C’est une douleur dans la main qu’elle n’a plus.
Chaque année, au printemps, la douleur revient et tout un cortège d’images reviennent la hanter jusque dans le noir de la nuit, dit-elle. Surtout pour les anniversaires, les dix ans, les vingt, les trente ans comme ces jours-ci. Génocide du Rwanda, trente ans. Les médias ressortent les mêmes articles, les mêmes spécialistes, les mêmes écrivains roublards, les mêmes débats, les mêmes images – attention – qui peuvent choquer, surtout les enfants.
Son téléphone sonne, des messages s’accumulent, les médias du monde entier veulent son témoignage. Elle ne répondra pas. Elle dit à sa copine que c’est comme les hyènes qu’elle voyait arracher des bouts de cadavre dans ces jours et ces nuits où elle priait très fort pour mourir et pouvoir comme ça rejoindre sa mère au paradis et son père et tous les siens.
Elle vit à Toronto, elle a fait une famille, elle a fait de la vie, elle a mis des kilomètres entre elle et le malheur, elle a tenté de faire de l’oubli. Les médias répètent qu’ils font tout ça contre l’oubli. Elle, c’est le contraire, l’oubli elle aimerait oublier. Comme tous les survivants. Mais comment oublier avec les commémorations, les discours, les Kagamé, les éditions spéciales.
Elle a tourné le bouton. Elle est tombée sur une déclaration du président français Macron : la France « aurait pu arrêter le génocide » mais « n’en a pas eu la volonté ». Elle a d’abord cru qu’il parlait de Gaza. Qu’il parlait de la lâcheté de la France envers Gaza. Mais c’était d’elle qu’il parlait, du Rwanda. C’est pourtant la même lâcheté. Celle du gouvernement français mais pas seulement. On sait avec quelle insistance les États-Unis recommandaient surtout que le terme de génocide ne soit pas employé officiellement car alors, selon la convention de 1948, il y aurait eu obligation d’intervenir sans délai. Il n’aurait pas fallu un grand déploiement militaire pour neutraliser des bandes de tueurs armés de machettes. Mais comme dit Macron, on n’a pas eu la volonté.
Ça a duré cent jours. Comme Gaza, on en est à cent jours.

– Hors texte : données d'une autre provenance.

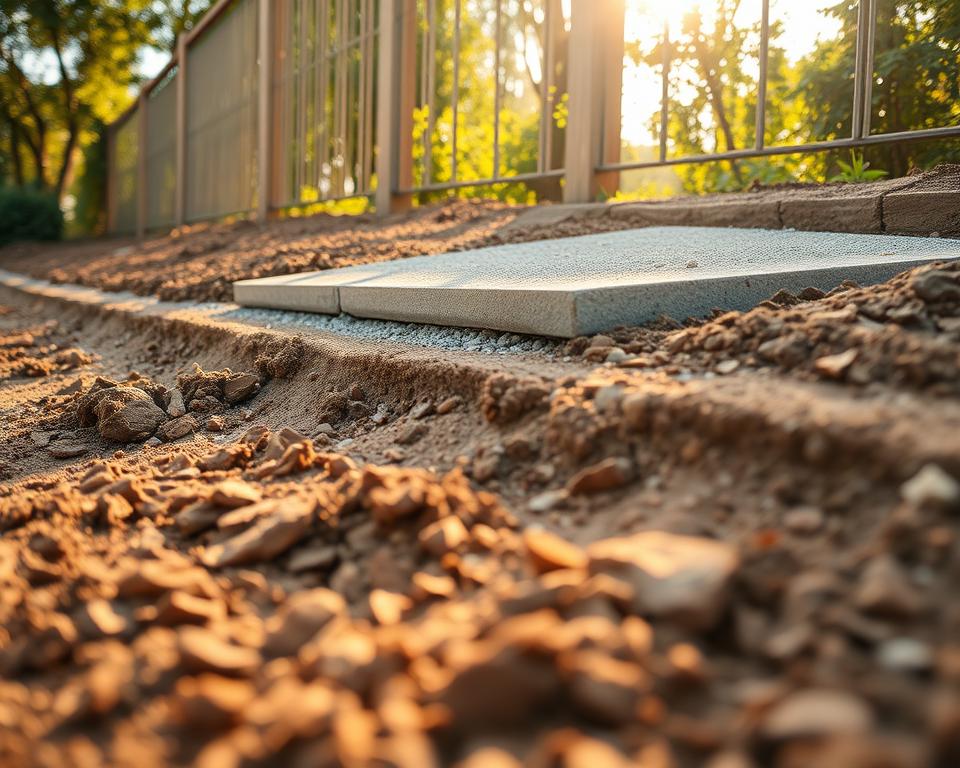 Terrassenuntergrund Vorbereitung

Ça se passe pareillement sous nos yeux, avec toutes les informations, tous les détails, tous ceux qui s’y connaissent sur les plateaux de télé, toutes les images – attention – qui peuvent choquer, surtout les enfants.
En avril 1994, elle avait treize ans.
Une douleur fantôme, c’est une sensation de douleur dans un membre amputé bien que celui-ci ne soit plus présent.